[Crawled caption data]

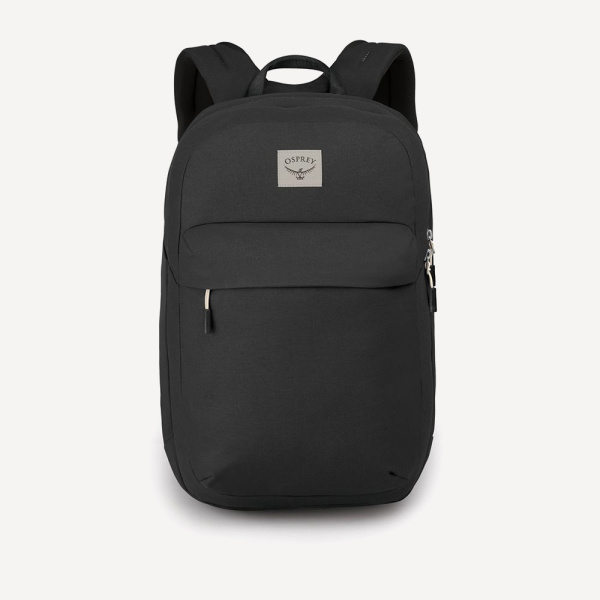 Рюкзак Arcane XL Day 30 (stonewash black; 30 л)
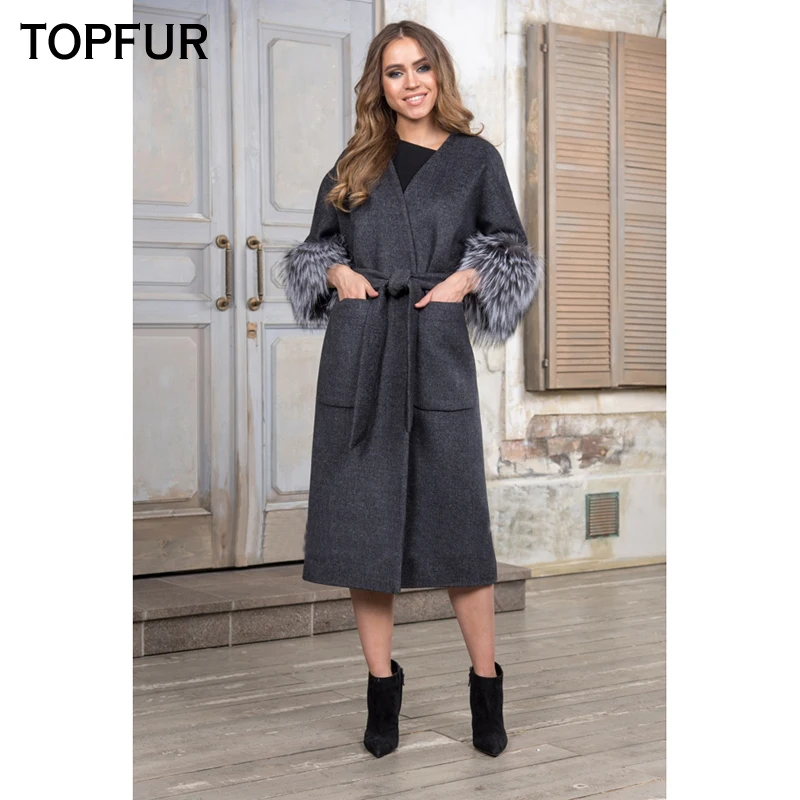 data-2018-zhen-palto-50418012-3-1000x1000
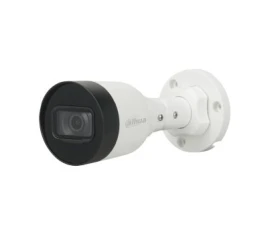 Видеокамера Dahua DH-IPC-HFW1230S1P-0280B-S6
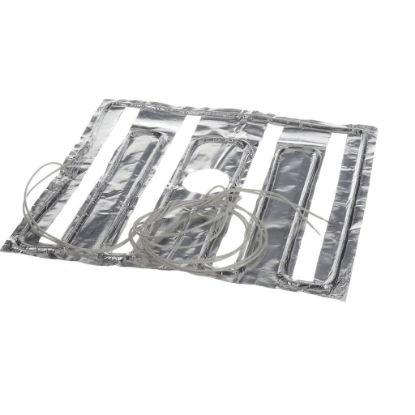 Picture of Marshall Air 504423 Blanket, Heat 210W, 220V Dwf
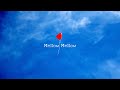 【フリーBGM】 『Mellow Mellow』 - yuhei komatsu -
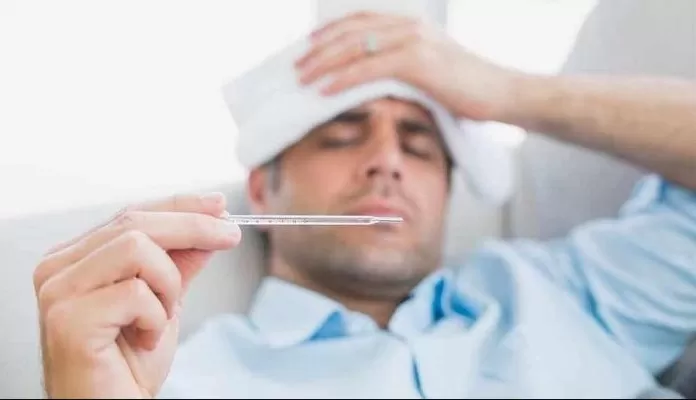 مدار الساعة,أخبار الأردن,اخبار الاردن,كورونا,وزارة الصحة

- What needs to be done -
Transcribe all entries above exactly. Drop the pictures.

- Response box -
 Рюкзак Arcane XL Day 30 (stonewash black; 30 л)
 data-2018-zhen-palto-50418012-3-1000x1000
 Видеокамера Dahua DH-IPC-HFW1230S1P-0280B-S6
 Picture of Marshall Air 504423 Blanket, Heat 210W, 220V Dwf
 【フリーBGM】 『Mellow Mellow』 - yuhei komatsu -
 مدار الساعة,أخبار الأردن,اخبار الاردن,كورونا,وزارة الصحة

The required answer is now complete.